Answer to Problem 19P

The time of impact of the stone is $\underset{\_}{t=3.19\text{s}}$.

Explanation of Solution

Write the expression for the vertical final position of the stone.

    $y_f=-\frac{1}{2}g{t}^2$        (VIII)

Here, $y_f$ is the vertical final position of the stone, $g$ is the vertical acceleration of the stone and $t$ is the flight time.

Rewrite the above equation,

    $\begin{array}{c}-h=-\frac{1}{2}g{t}^2\\ t=\sqrt{\frac{2h}{g}}\end{array}$        (IX)

Conclusion:

Substitute $9.80{\text{m/s}}^{\text{2}}$ for $g$ and $50.0\text{m}$ for $h$  in (IX) to get $t$ ,

    $\begin{array}{c}t=\sqrt{\frac{2\left(50.0\text{m}\right)}{9.80{\text{m/s}}^{\text{2}}}}\\ =3.19\text{s}\end{array}$

Therefore, the time of impact of the stone is $\underset{\_}{t=3.19\text{s}}$.

To determine

The speed and angle of impact of the stone land .

Answer to Problem 19P

The speed and angle of impact of the stone land are $\underset{\_}{v_f=36.1\text{m/s}\text{and}\theta =-{60.1}^{\text{o}}}$.

Explanation of Solution

In this case, at the time of impact $v_{xf}=v_{xi}$ .

The vertical component velocity of the stone, $v_{yf}=-gt$ .
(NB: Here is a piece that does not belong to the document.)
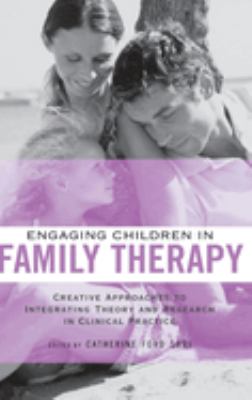Engaging Children in Family Therapy : Creative Approaches to Integrating Theory and Research in Clinical Practice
Substitute $\sqrt{\frac{2h}{g}}$ for $t$ in the above equation,

    $\begin{array}{c}{v}_{yf}=-g\sqrt{\frac{2h}{g}}\\ =-\sqrt{2gh}\end{array}$        (X)
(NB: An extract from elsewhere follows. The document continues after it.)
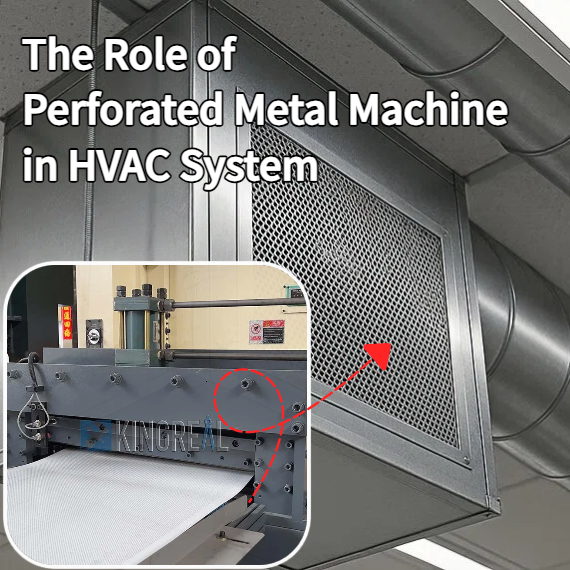 The Role of Perforated Metal Machine in HVAC System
Write the expression for the final velocity of the stone.

    $v_f=\sqrt{v_{xf}^2+v_{yf}^2}$        (XI)

Here, $v_f$ is the final velocity of the stone

Write the expression for the angle of impact of the stone.

    $\theta ={\tan }^{-1}\frac{v_{yf}}{v_{xf}}$        (XII)

Here, $\theta$ is the angle of impact of the stone.

Conclusion:

Substitute $9.8{\text{m/s}}^{\text{2}}$ for $g$ and $50.0\text{m}$ for $h$  in (X) to get $v_{yf}$ ,

    $\begin{array}{c}{v}_{yf}=-\sqrt{2\left(9.8{\text{m/s}}^{\text{2}}\right)\left(50.0\text{m}\right)}\\ =-31.3\text{m/s}\end{array}$ .

Substitute $18.0{\text{m/s}}^{\text{2}}$ for $v_{xf}$ and $-31.3\text{m/s}$ for $v_{yf}$ in (XI) to get $v_f$ ,

    $\begin{array}{c}{v}_f=\sqrt{{\left(18.0{\text{m/s}}^{\text{2}}\right)}^2+{\left(-31.3\text{m/s}\right)}^2}\\ =36.1\text{m/s}\end{array}$ .

Substitute $-31.3\text{m/s}$ for $v_{yf}$ and $18.0\text{m/s}$ for $v_{xf}$ in (XII) to find ${\theta }_f$ ,

    $\begin{array}{c}{\theta }_f={\tan }^{-1}\frac{31.3}{18.0}\\ =-{60.1}^{\text{o}}\end{array}$

Therefore, the speed and angle of impact of the stone land are $\underset{\_}{v_f=36.1\text{m/s}\text{and}\theta =-{60.1}^{\text{o}}}$.